Por José Luna
Berta y yo llegamos a San Miguel en junio de 1975 con la intención de dedicarnos, ella a pintar y yo a escribir Para generar ingresos que soportaran nuestras aficiones, traspasamos un pequeño restaurante que se llamaba Adriano’s, con seis mesas.
Nunca habíamos sido restauranteros pero teníamos amplia experiencia en la degustación de platillos. Cuando hicimos el traspaso nos dijeron que lo único bueno ahí era el chef, así que aceptamos.

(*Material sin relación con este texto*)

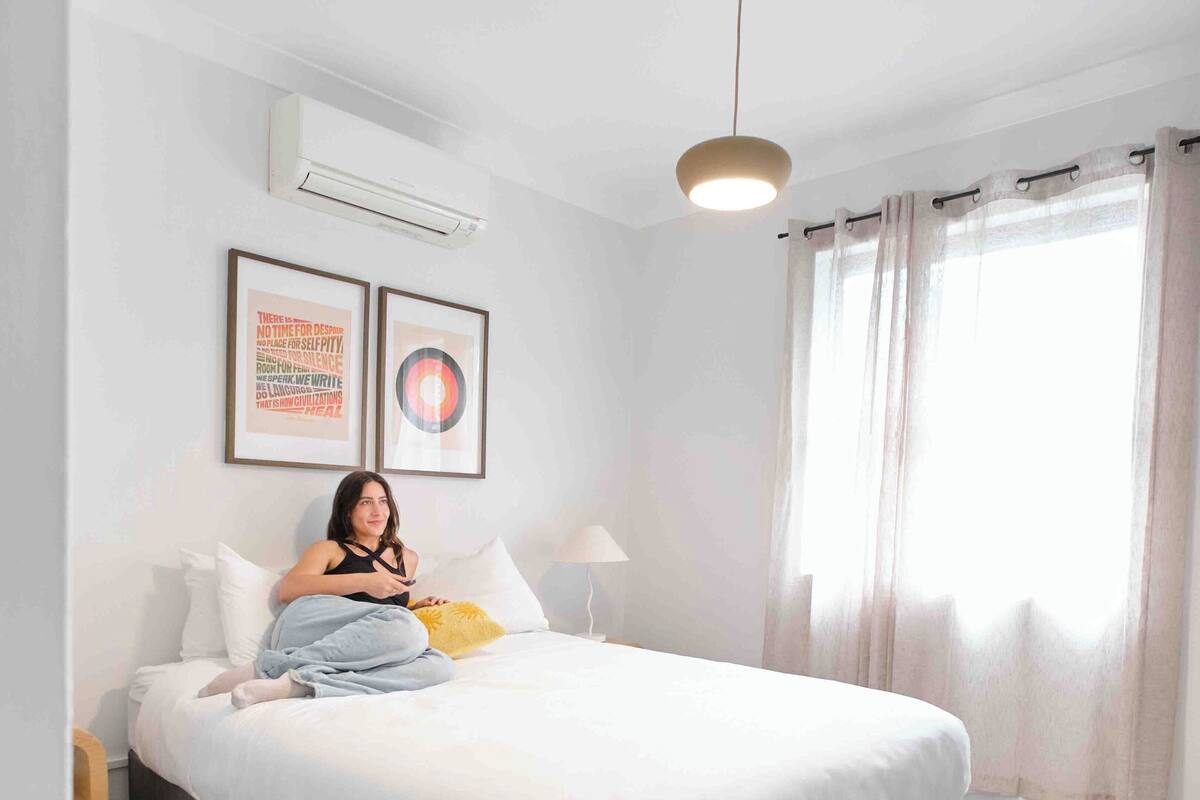Een moderne slaapkamer met een groot bed, een nachtkastje, een lamp en een raam met gordijnen.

Nosotros seríamos meseros, aunque no sabíamos por cual lado se servían las bebidas o los alimentos, intuíamos que lo más importante era ser amables, hacer sentir bien a nuestros clientes. El primer día esperamos con emoción a nuestros comensales, llegó uno y yo lo atendí. Ordenó una carne asada con ensalada, tomé la orden y la pasé al “chef”, quien minutos más tarde me entregó algo parecido a una suela de zapato con una rebanada de jitomate del día anterior, le dije que no podía llevar eso a la mesa y le pedí que preparara otro, Berta obsequió una copa de vino al cliente mientras le explicaba que teníamos un pequeño problema en la cocina, la segunda orden no fue mejor que la primera, se la regalamos a nuestro desafortunado visitante y le contamos la verdad: él era nuestro primer cliente, el chef servía para nada y nosotros teníamos que aprender.